----- Given information -----
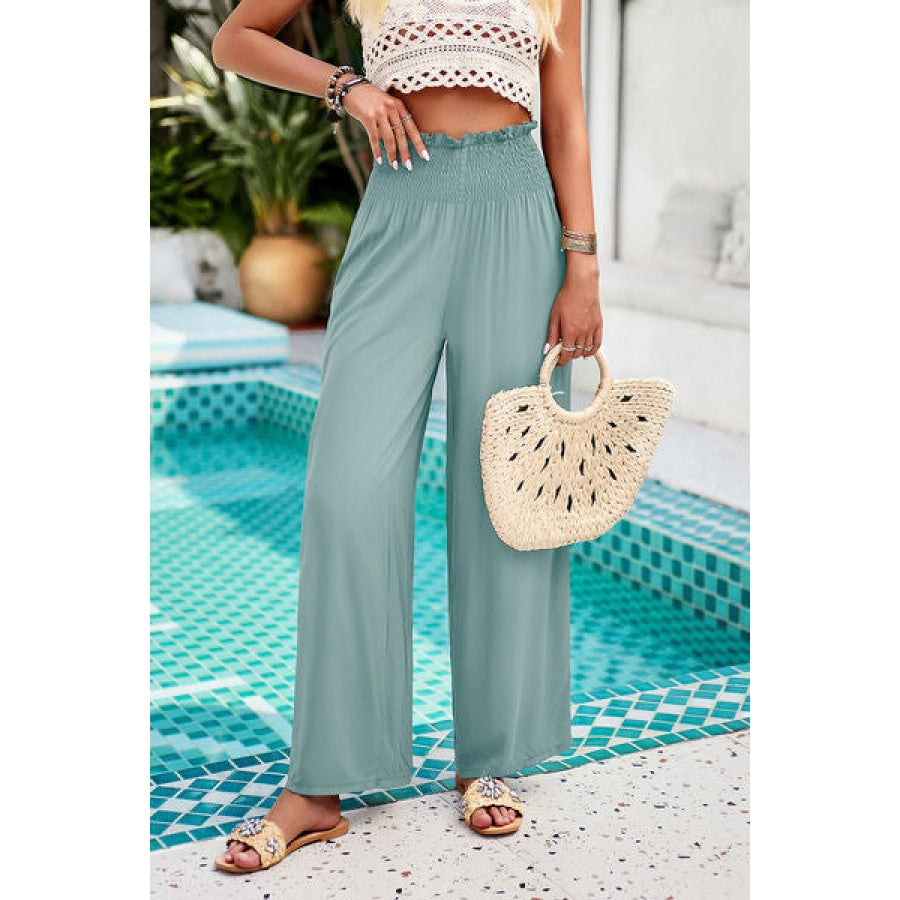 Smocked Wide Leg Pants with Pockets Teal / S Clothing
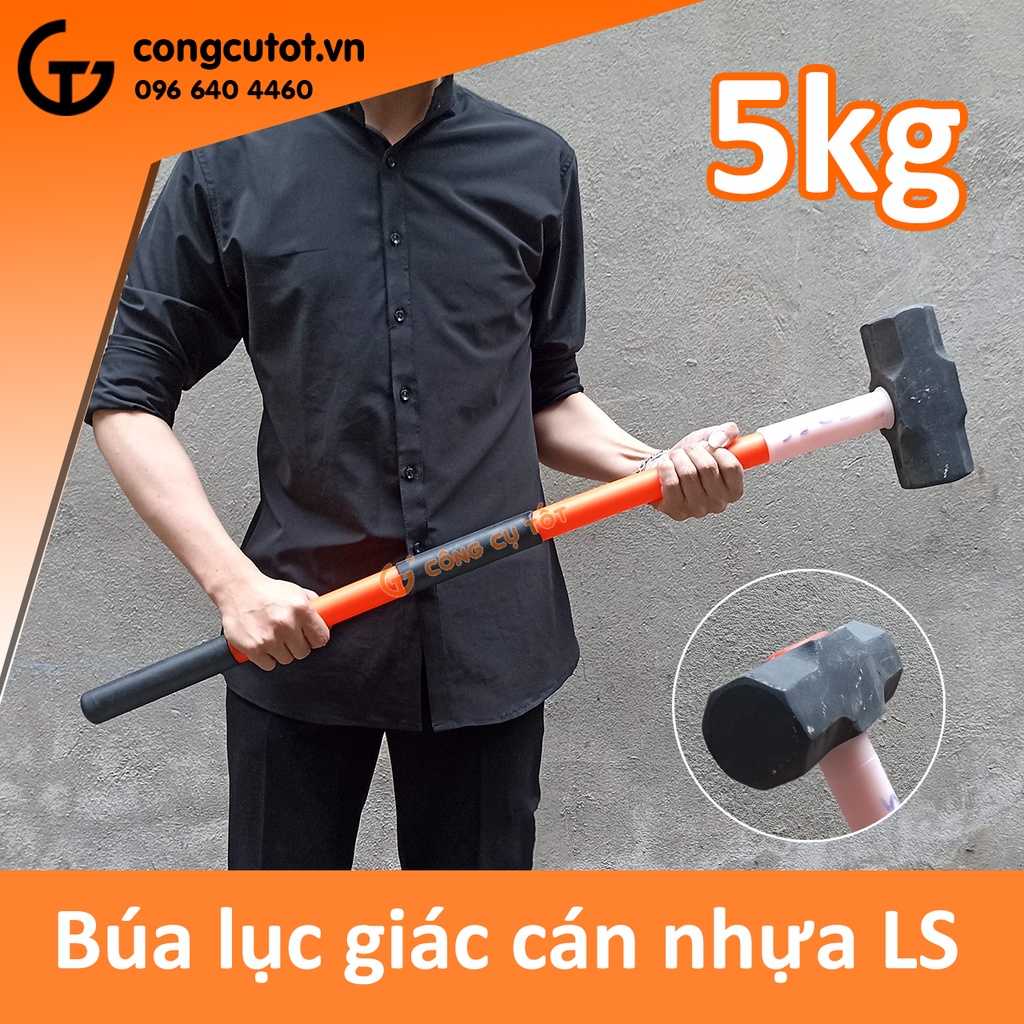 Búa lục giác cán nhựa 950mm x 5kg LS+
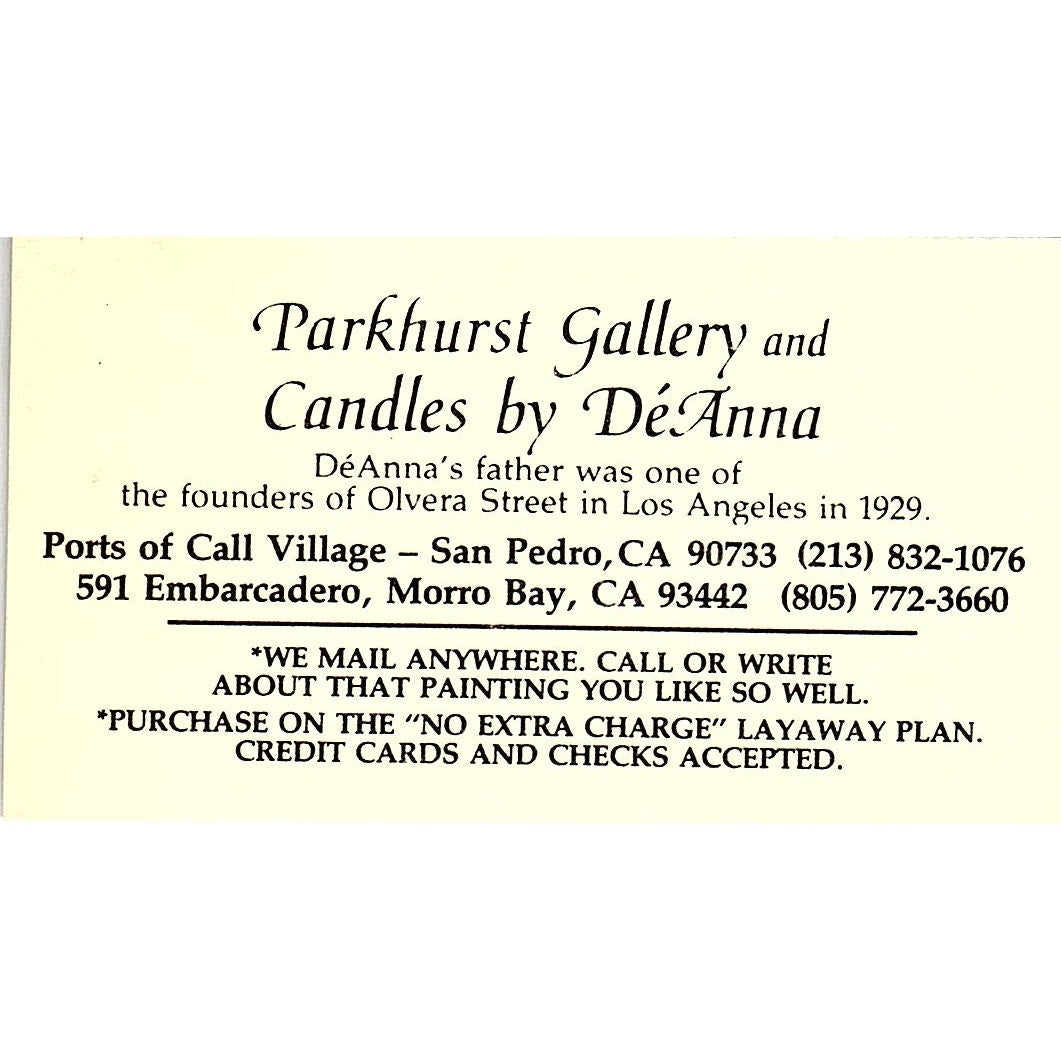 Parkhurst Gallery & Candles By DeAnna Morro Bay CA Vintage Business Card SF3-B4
-----
Exercise brief: Set down exactly, from the line that contains "Búa lục giác cán nhựa 950mm x 5kg LS+" through the last line of the data, each line as it stands, and leave the pictures out.

Output for this task:
 Búa lục giác cán nhựa 950mm x 5kg LS+
 Parkhurst Gallery & Candles By DeAnna Morro Bay CA Vintage Business Card SF3-B4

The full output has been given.